The first line could only be “TRACE kmalloc-4096 alloc” or “free”, which logs the entry address of this slab. So if the memory leak is very fast, it is possible to monitor all of the alloc/free slabs before the system out of memory. Then find out addresses that never freed, analyze the call traces, and hopefull we could detect the problematic module or functions.

3. kmemleak

kmemleak is a kernel space package to detect potential memory leak and periodically print the call stack. To build it into kernel, CONFIG_DEBUG_KMEMLEAK in “Kernel hacking” has to be enabled. For some systems kmemleak may not work due to the small buffer size for early log, so you also need to set CONFIG_DEBUG_KMEMLEAK_EARLY_LOG_SIZE to a larger number, e.g. 20000.

kmemleak also relies on debugfs.
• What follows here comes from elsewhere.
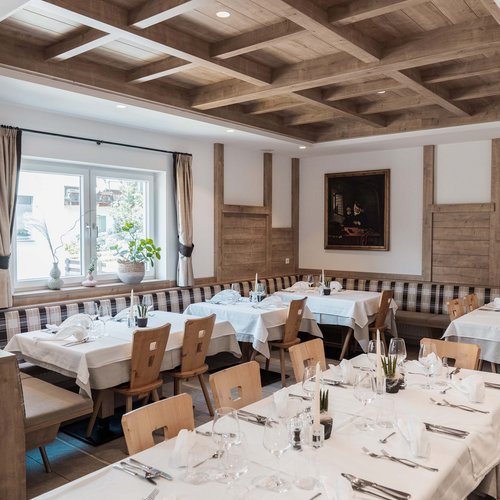 Gudrun's holiday apartments: real freedom on holiday Stylish dining room with wooden beam ceiling and tables set with white tablecloths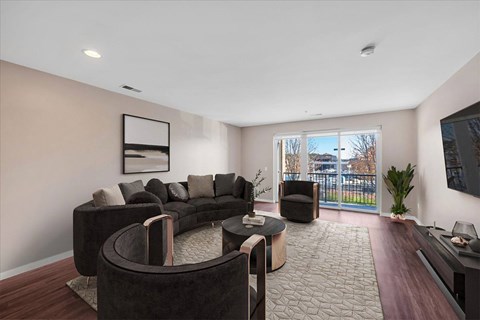 A living room with a black couch and a television.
To automatically detect memory leak after boot, you need to make sure debugfs is mounted by default - you can add following line to /etc/init.d/S10boot:

grep -q debugfs /proc/filesystems && mount -t debugfs none /sys/kernel/debug

To check if kmemleak is working, cat /sys/kernel/debug/kmemleak. By default kmemleak scans memory every 10 minutes and prints the number of new unreferenced objects found. To trigger an intermediate memory scan, echo scan > /sys/kernel/debug/kmemleak.